ISRA May 2022

The Performance of Contrast Enhanced Mammography in the Determination of the Extent of Disease in Invasive Lobular Carcinoma

Margaret Johansson Lipinski Tal Friehmann Eli Atar Ahuva Grubstein
Radiology, Tel Aviv University, Israel

Purpose: ILC comprises 5-15% of invasive breast cancer and can be difficult to diagnose on conventional imaging (Mammogram and US). CEM (± Tomosynthesis) improves ILC visualization. This study aims to show the performance of CEM in determining extent-of-disease in ILC.

Methods: This was a retrospective, single-center study, approved by the institutional review board, which waived the need for informed consent.

All CEM examinations of ILC performed at our institution between 2016-2020 were included. Patient demographics and results were retrieved from digital records. Lesion size was defined as the longest diameter.

Results: Twenty women were included, with an average age of 74 years (SD 10.4, range 51-87). The main indication for CEM was to determine extent-of-disease.

Breast density was rated according to BI-RADS. Most of the patients were grades B (44.4%) and C (50%).

56% of the imaging had mild BPE, 39% minimal, and 5% moderate.

All lesions were either a mass (72.2%) or a non-mass enhancement (27.8%).

Seventy percent of biopsies were pure ILC, the rest being mixed. All were ER+ and Her2-. Seventy-five percent were PR+. Median Ki-67 index was 10% (range 1-30%).
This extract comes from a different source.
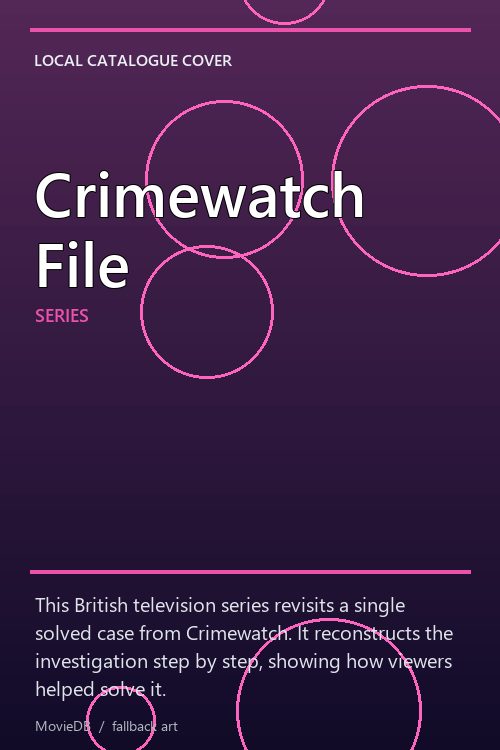 Crimewatch File poster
Average imaging lesion size was 28.5mm (SD 26.9). At pathology, the average diameter was 22mm (SD 18.8). The Pearson correlation coefficient (0.78) indicates that CEM overestimates size within reasonable limits.
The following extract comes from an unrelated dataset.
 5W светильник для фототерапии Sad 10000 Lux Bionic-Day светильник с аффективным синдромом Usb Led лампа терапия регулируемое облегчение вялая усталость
Conclusion: ILC requires contrast imaging due to its multicentricity and bilaterality. Breast MRI is more expensive, less accessible, and has lower specificity, requiring additional workup. CEM has higher specificity and significantly correlates with pathology at surgery. Therefore, CEM is very accurate, feasible, and requires much less additional workup.